Einer Elhauge is guest-blogging over at Volokh, and raising a bunch of interesting questions. One post draws a parallel between ELS and sabermetrics, leading one (clearly Boston-based) wag to ask, "if empirical legal studies are like sabermetrics, who is the legal equivalent of Joe Morgan?"
I'm not touching that one... But, in the spirit of the (baseball) season, I'd offer the following instead. Empirical researchers are taught early on to beware of selection bias -- drawing incorrect inferences from data which are nonrandomly sampled from a population. (An example would be concluding that early humans lived predominantly in caves, on the basis of finding paintings, remains of fire pits, and so forth there; because such artifacts are more likely to survive in caves than elsewhere, the available archaeological data are subject to selection bias). We also learn that there are ways of dealing with such data, including the class of "selection models" first developed by James Heckman.*
What does this have to do with baseball? As it happens, my partner-in-crime Jeff Gill and I recently published a paper about the political dynamics of public opinion toward the designated hitter rule. (That's the Yankees' Ron "Boomer" Blomberg, the first-ever DH, in the picture). Our paper draws on data from a September 1997 CBS News poll which utilized a "screening" question. Respondents (there were over 1,000 of them) were first asked how interested they were in watching or following baseball. The 440 who responded "very interested" or "somewhat interested" were then asked a series of follow-up questions, including whether they approved or disapproved of the designated hitter; the other 600 or so respondents were not asked the follow-ups.
Our first thought was that the screening question raised the possibility of selection bias in the data, and our initial analyses used a Heckman-type selection model to correct for that. (For those of you desperate for an alternative to grading final exams, an older version of the paper that includes the selection model results is posted here). But one of the reviewers at QJPS pointed out (quite correctly) that, since the population of interest presumably only consists of individuals with some interest in baseball, the screening question posed no threat of selection bias. That is, individuals with no interest in baseball presumably can't have opinions about the DH, and so omitting them from our analysis is not a problem.
I offer this example to underscore a point that often gets lost in researchers' concerns about selection bias: The fact that one's data are somehow subject to a nonrandom selection process does not necessarily mean that selection bias will be the result.
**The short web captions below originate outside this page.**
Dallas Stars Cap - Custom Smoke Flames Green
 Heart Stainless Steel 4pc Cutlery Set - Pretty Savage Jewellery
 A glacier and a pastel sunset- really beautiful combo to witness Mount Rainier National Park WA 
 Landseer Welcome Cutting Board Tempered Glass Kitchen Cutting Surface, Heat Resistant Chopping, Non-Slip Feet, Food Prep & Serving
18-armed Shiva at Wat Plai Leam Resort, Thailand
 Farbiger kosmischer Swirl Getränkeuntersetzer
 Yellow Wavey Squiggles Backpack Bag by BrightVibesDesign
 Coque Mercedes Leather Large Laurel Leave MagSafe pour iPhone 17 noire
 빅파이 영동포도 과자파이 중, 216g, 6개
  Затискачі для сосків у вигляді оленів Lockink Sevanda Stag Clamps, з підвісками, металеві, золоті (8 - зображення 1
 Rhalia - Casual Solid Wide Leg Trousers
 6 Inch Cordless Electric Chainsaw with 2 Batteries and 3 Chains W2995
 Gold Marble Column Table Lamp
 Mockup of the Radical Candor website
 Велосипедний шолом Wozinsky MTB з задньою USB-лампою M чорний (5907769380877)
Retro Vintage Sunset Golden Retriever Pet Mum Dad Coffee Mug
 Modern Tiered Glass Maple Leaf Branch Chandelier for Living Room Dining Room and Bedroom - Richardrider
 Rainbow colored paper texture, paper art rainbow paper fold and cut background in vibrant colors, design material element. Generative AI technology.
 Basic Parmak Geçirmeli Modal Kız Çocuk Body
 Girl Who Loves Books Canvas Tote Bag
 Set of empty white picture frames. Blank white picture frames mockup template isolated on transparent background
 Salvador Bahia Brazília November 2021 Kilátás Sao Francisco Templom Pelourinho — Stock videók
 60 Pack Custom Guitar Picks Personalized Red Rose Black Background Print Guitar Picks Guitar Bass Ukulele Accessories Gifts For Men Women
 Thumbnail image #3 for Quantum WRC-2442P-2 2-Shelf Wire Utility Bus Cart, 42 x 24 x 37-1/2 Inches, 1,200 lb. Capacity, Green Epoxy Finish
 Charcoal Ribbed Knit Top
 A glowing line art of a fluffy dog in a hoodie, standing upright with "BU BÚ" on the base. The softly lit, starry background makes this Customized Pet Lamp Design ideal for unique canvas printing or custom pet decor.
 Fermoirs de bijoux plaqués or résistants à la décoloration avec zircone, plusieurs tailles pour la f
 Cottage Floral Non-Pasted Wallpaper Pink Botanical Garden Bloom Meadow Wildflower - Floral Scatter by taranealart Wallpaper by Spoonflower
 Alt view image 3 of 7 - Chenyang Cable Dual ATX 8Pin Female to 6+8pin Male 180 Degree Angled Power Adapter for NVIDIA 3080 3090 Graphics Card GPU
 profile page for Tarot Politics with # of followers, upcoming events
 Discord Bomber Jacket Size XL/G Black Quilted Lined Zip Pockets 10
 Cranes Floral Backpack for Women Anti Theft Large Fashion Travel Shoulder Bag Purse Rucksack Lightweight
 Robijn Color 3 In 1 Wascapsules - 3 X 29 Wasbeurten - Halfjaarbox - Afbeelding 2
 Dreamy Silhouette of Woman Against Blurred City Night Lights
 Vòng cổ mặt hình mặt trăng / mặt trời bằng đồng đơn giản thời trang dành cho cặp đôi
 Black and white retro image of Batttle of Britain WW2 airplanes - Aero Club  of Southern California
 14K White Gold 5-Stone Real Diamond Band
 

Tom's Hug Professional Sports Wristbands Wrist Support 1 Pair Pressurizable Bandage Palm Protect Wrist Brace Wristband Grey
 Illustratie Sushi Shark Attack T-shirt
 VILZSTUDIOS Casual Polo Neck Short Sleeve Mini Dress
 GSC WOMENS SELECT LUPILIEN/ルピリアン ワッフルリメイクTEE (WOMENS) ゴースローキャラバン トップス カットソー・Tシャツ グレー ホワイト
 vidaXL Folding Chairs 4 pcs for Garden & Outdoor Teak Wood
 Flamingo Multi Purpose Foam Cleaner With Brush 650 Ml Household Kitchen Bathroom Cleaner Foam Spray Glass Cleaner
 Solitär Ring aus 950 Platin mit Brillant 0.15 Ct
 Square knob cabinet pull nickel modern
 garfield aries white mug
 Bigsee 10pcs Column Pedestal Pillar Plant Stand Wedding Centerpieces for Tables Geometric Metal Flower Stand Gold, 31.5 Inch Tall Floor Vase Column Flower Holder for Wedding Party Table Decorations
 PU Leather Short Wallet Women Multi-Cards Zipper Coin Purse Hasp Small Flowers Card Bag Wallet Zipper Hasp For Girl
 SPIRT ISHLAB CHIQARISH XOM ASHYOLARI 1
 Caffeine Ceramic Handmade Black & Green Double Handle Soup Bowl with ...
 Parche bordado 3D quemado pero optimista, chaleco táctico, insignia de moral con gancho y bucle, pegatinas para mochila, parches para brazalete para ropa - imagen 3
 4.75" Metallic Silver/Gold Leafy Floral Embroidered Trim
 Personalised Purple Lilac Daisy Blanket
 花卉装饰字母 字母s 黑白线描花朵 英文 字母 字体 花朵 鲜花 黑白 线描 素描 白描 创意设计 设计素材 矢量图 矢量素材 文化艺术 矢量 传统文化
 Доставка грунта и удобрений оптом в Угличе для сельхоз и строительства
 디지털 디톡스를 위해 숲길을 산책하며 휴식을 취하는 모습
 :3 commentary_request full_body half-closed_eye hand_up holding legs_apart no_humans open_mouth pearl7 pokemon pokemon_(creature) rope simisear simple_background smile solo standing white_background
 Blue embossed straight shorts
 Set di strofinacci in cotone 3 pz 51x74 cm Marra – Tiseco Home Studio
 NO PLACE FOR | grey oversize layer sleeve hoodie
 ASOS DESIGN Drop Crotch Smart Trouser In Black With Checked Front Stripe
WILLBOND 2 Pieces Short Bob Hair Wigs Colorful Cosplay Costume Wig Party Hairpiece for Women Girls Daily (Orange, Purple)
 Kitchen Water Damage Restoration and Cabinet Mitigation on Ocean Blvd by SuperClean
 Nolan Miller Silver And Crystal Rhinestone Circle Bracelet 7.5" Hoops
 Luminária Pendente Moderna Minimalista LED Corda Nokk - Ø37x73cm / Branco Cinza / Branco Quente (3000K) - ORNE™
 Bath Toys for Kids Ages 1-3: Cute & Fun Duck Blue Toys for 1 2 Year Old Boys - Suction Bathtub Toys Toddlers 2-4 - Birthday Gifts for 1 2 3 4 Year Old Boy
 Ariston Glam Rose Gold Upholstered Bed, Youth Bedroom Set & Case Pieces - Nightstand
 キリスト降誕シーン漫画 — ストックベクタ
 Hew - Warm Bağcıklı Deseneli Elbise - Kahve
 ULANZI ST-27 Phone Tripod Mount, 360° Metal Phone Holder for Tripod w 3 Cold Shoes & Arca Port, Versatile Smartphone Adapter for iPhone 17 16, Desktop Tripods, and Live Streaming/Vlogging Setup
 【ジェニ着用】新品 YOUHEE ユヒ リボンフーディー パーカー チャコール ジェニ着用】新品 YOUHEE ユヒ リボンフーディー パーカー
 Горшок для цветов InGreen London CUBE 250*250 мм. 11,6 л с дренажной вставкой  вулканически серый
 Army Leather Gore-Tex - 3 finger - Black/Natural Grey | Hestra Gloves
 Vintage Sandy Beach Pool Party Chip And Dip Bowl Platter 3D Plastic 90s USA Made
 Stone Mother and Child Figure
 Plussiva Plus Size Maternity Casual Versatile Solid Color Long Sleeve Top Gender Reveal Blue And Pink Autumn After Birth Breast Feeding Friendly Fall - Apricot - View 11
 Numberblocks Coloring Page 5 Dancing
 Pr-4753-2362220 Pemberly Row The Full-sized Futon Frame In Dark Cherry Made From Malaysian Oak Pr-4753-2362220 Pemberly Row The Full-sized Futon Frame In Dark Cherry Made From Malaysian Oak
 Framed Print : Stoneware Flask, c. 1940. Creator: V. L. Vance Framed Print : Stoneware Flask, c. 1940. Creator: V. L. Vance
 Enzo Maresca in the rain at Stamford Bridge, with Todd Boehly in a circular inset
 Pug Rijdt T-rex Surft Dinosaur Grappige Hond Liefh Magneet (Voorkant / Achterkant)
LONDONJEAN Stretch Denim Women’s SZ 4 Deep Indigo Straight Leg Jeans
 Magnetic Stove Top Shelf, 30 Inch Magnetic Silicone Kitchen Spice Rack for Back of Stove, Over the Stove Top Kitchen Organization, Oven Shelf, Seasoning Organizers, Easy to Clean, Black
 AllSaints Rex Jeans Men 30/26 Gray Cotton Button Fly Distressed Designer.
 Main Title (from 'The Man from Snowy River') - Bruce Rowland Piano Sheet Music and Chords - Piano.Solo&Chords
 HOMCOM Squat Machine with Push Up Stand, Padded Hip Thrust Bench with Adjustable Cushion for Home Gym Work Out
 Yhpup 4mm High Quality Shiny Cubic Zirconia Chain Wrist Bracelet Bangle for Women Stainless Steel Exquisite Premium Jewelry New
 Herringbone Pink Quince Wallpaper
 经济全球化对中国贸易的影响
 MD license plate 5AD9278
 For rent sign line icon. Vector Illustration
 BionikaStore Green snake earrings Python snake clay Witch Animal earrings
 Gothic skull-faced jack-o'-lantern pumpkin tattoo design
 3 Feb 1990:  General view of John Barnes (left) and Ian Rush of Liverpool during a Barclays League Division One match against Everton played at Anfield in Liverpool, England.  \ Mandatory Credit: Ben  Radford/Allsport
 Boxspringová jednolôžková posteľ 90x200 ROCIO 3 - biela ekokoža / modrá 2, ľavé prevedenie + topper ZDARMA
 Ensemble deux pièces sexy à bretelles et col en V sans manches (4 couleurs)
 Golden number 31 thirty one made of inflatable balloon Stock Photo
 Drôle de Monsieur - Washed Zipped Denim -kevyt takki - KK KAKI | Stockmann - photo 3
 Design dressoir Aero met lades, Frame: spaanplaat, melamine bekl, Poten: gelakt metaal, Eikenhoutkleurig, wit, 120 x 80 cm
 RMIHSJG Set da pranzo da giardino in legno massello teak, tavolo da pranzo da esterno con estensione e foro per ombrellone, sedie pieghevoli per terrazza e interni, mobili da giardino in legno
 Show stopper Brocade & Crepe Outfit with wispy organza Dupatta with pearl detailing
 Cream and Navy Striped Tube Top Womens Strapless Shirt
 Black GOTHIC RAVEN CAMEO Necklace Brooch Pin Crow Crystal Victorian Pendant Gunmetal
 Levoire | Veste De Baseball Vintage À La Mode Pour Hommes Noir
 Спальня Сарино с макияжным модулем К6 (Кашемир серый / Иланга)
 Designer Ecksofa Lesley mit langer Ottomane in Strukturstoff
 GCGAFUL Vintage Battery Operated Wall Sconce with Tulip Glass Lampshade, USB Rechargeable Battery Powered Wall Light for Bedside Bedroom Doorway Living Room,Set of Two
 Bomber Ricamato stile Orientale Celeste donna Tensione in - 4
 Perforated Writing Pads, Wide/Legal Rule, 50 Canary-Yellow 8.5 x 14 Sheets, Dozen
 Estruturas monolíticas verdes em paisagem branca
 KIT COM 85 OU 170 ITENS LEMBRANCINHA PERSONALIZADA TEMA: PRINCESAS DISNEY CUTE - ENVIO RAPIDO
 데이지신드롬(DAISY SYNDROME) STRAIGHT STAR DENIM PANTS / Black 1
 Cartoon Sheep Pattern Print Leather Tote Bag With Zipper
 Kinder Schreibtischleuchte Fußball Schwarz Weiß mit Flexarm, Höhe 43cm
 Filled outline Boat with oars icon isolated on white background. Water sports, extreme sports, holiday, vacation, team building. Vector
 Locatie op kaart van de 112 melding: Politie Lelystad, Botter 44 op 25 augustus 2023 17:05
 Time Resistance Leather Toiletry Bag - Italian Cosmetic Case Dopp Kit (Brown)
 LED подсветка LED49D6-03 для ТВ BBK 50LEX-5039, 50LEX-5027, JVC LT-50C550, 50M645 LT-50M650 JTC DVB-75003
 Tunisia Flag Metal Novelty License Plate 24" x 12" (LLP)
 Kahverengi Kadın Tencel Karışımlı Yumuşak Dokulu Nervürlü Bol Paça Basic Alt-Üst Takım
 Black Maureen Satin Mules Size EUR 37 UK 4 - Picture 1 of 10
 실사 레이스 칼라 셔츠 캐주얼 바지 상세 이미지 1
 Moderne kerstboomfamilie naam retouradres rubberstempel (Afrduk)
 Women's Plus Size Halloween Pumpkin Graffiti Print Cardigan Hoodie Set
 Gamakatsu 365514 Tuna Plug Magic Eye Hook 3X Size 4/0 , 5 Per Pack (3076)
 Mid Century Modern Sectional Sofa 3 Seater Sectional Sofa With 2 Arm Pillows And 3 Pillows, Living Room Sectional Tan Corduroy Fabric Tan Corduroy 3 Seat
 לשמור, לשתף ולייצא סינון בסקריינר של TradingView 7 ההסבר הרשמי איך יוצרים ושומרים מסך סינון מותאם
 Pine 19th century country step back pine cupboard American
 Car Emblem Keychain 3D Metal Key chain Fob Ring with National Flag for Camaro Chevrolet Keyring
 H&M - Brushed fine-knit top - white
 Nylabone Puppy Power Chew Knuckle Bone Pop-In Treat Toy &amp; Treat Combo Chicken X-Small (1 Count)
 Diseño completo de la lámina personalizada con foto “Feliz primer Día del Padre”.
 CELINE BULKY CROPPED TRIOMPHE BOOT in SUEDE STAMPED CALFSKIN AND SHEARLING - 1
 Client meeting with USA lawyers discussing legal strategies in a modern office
Too often, scholars -- including this one -- conflate the two, and rush to implement some sort of correction when in fact it none is needed. Instead, the key question is always whether the selection mechanism leads to bias vis-a-vis the phenomenon of interest, something only a thoughtful consideration of the question(s) and the data can answer.
* Good references on selection bias include Heckman (1979 Econometrica), Berk (1983 ASR), Winship and Mare (1992 Ann. Rev. Soc.), and Stolzenberg and Relles (1997 ASR). Selection bias in a qualitative-data context is reviewed by (among others) Geddes (1990 Political Analysis), King/Keohane/Verba (Designing Social Inquiry 1994, ch. 4), and Collier and Mahoney (1996 World Politics). More recently, Jonathan Koehler of the UT-Austin Business School has done some interesting experimental work on selection bias in a jury context.